§ **EXERCISE DATA**
• • • • • • •
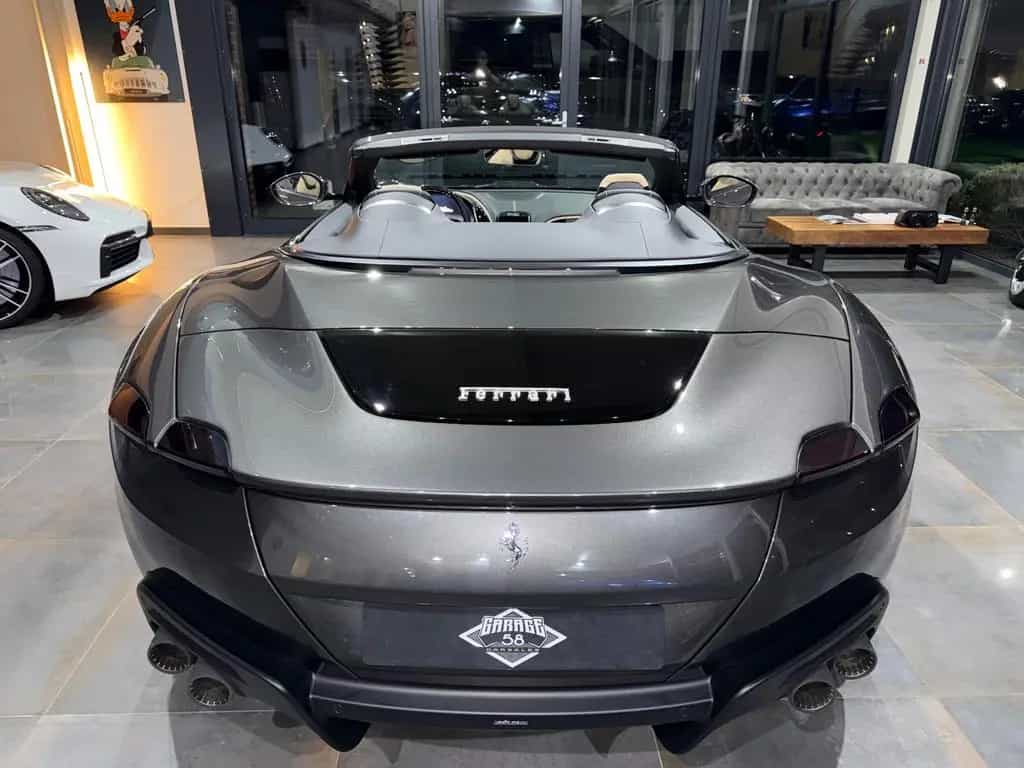 Ferrari Roma Spider/Sonderlack/Carbon/Sabbia Beige/19% 09/2025-photo-23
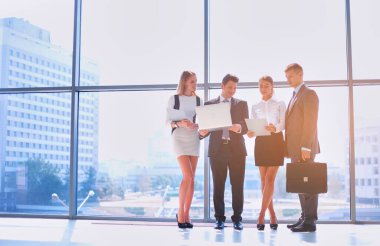 Grup iş adamları toplantı sırasında dizüstü bilgisayar ile sunum yapıyor. Grup iş adamları.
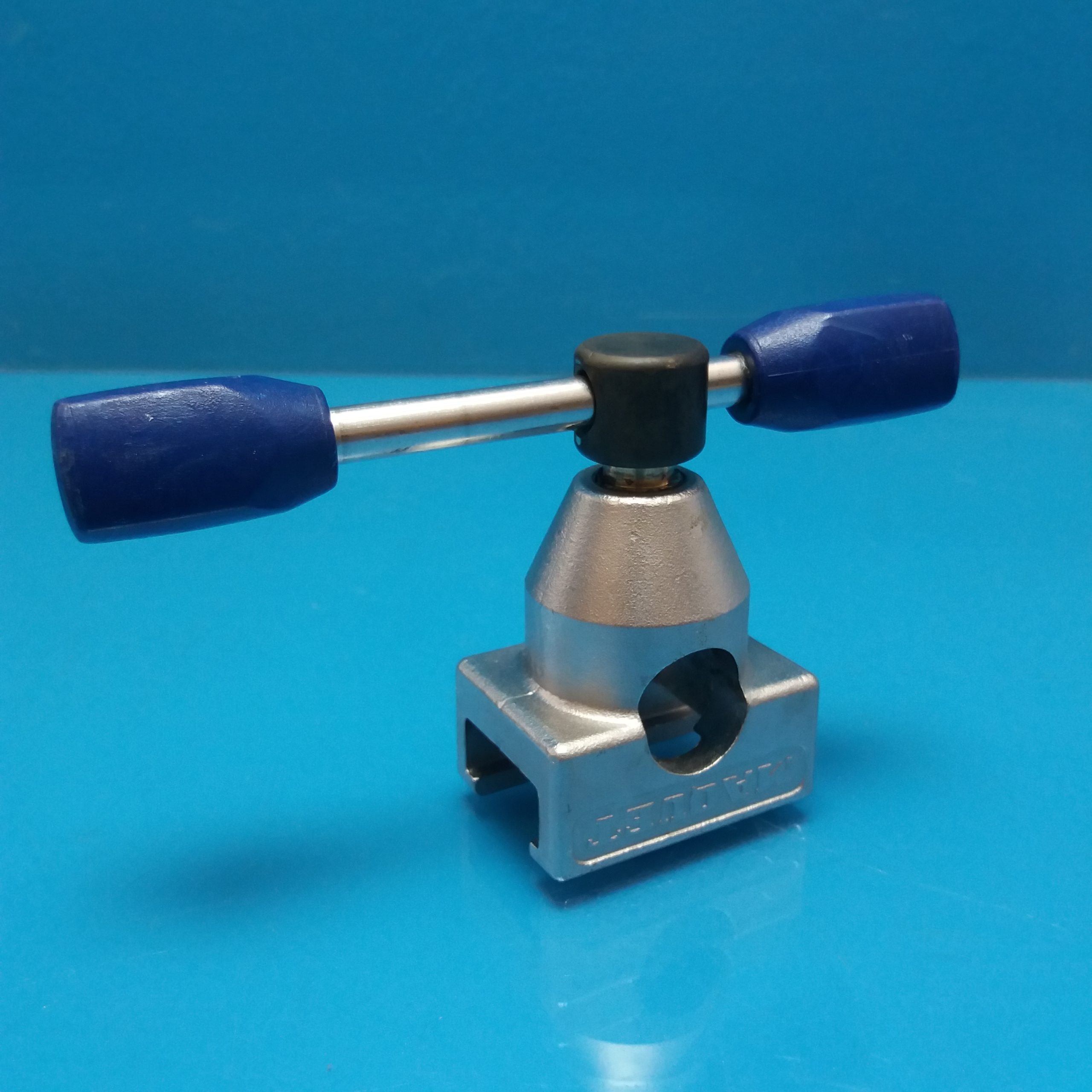 MAQUET – Radialstellkloben passend an Gleit- / Normschiene — image 1 of 3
• • • • • • •
Print the material precisely as given, dropping any images it holds.

§ **YOUR RESPONSE**
 Ferrari Roma Spider/Sonderlack/Carbon/Sabbia Beige/19% 09/2025-photo-23
 Grup iş adamları toplantı sırasında dizüstü bilgisayar ile sunum yapıyor. Grup iş adamları.
 MAQUET – Radialstellkloben passend an Gleit- / Normschiene — image 1 of 3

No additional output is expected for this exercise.